#### Task objective:
For the records below, please print exactly and only the lines from the one with "Free People Front" down to the one with "Pommier hydraulische cilinder", both ends included, omitting the pictures.

#### Data for this task:
════════════════

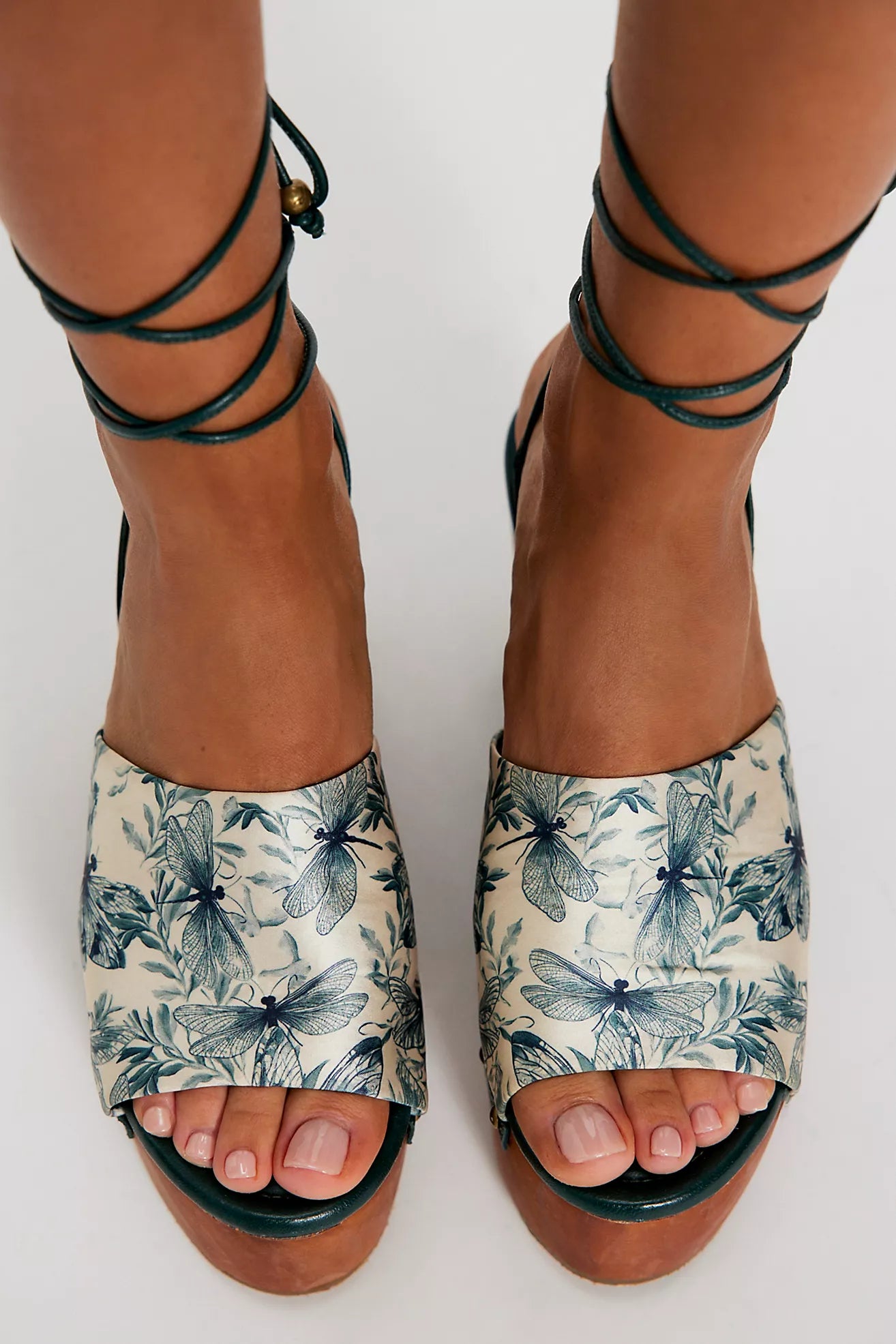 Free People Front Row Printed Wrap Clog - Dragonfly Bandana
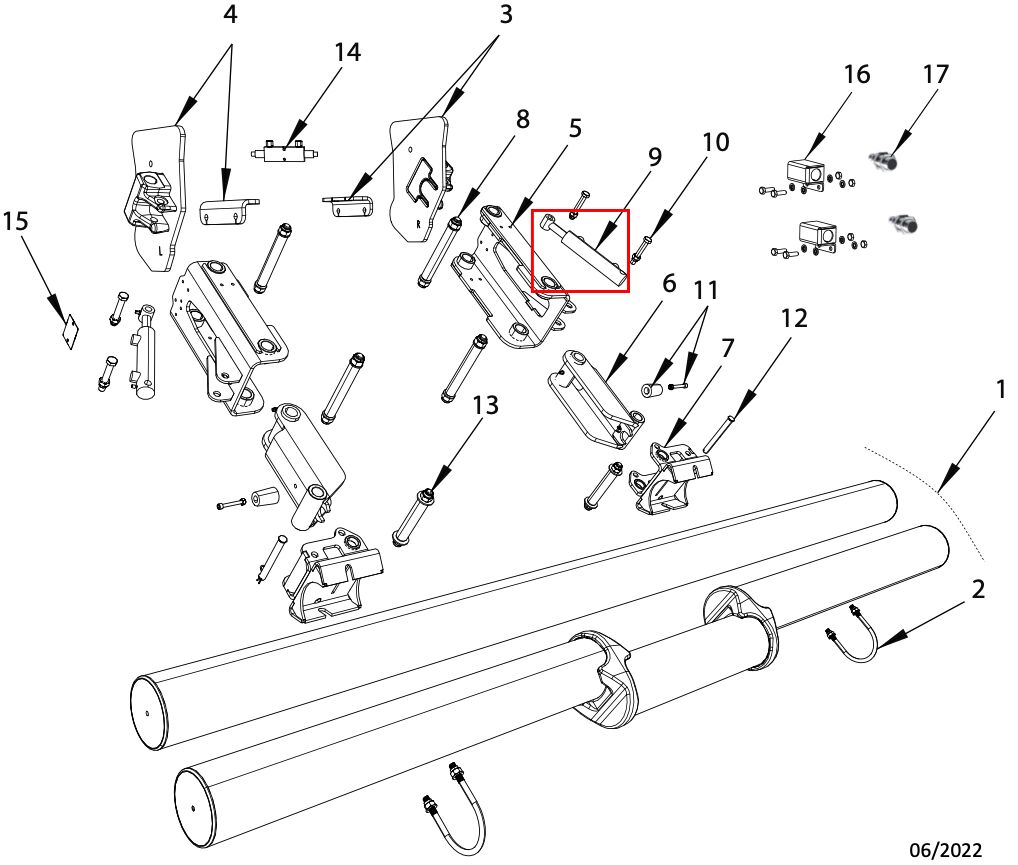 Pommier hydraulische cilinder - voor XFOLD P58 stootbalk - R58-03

════════════════

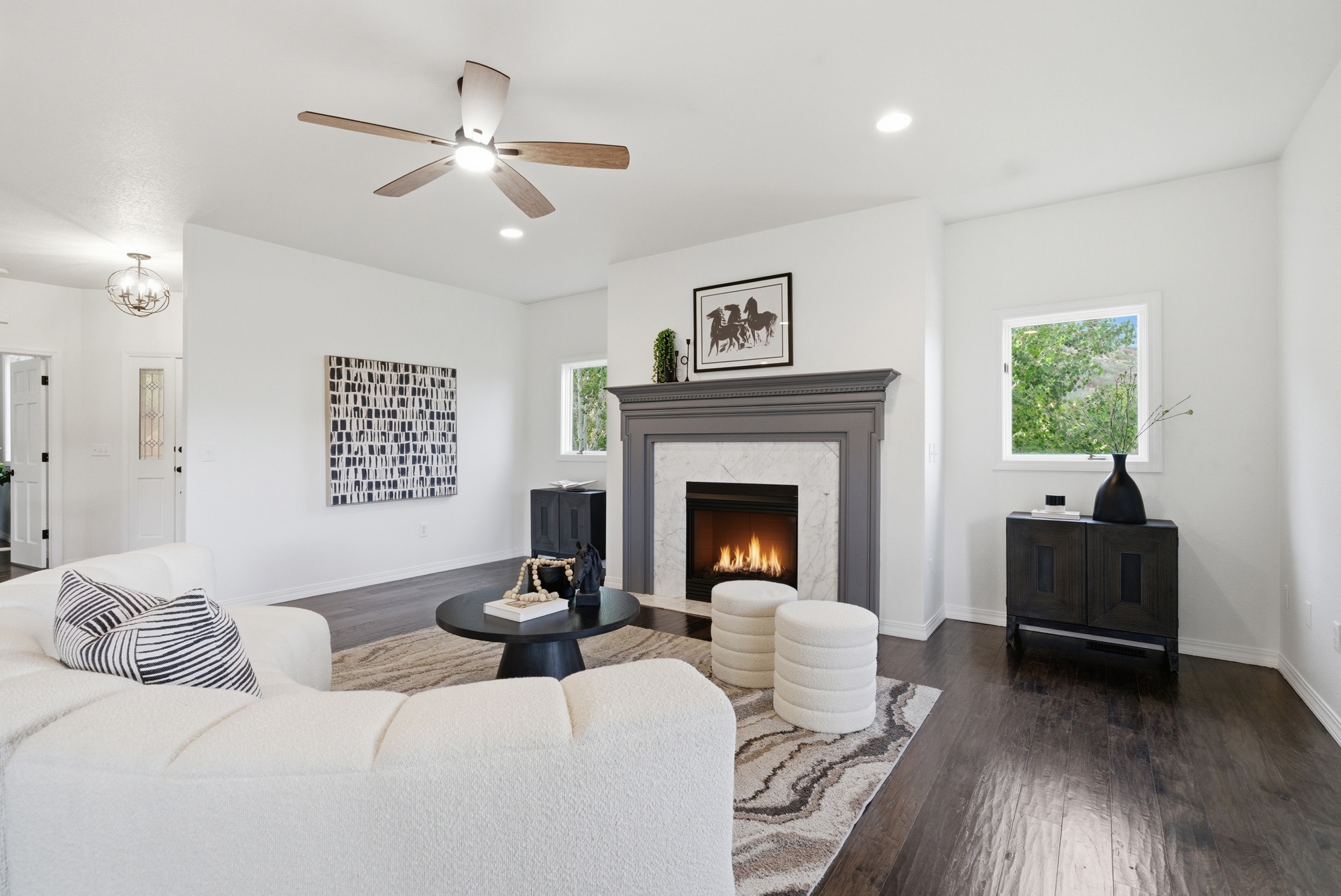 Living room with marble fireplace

════════════════

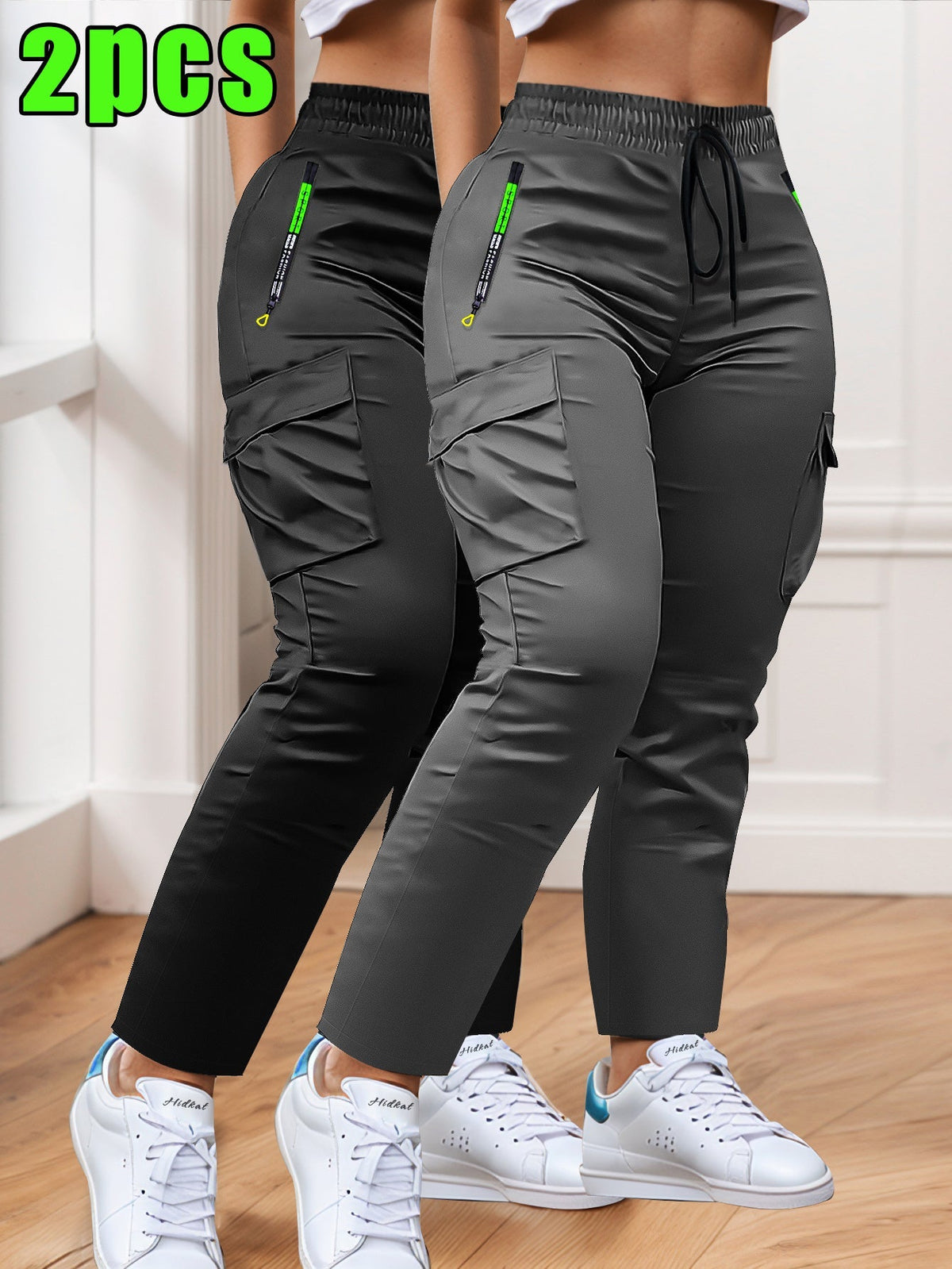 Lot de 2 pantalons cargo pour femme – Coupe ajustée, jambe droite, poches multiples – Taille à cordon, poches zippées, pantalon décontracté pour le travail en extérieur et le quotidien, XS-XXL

════════════════

#### The answer:
 Free People Front Row Printed Wrap Clog - Dragonfly Bandana
 Pommier hydraulische cilinder - voor XFOLD P58 stootbalk - R58-03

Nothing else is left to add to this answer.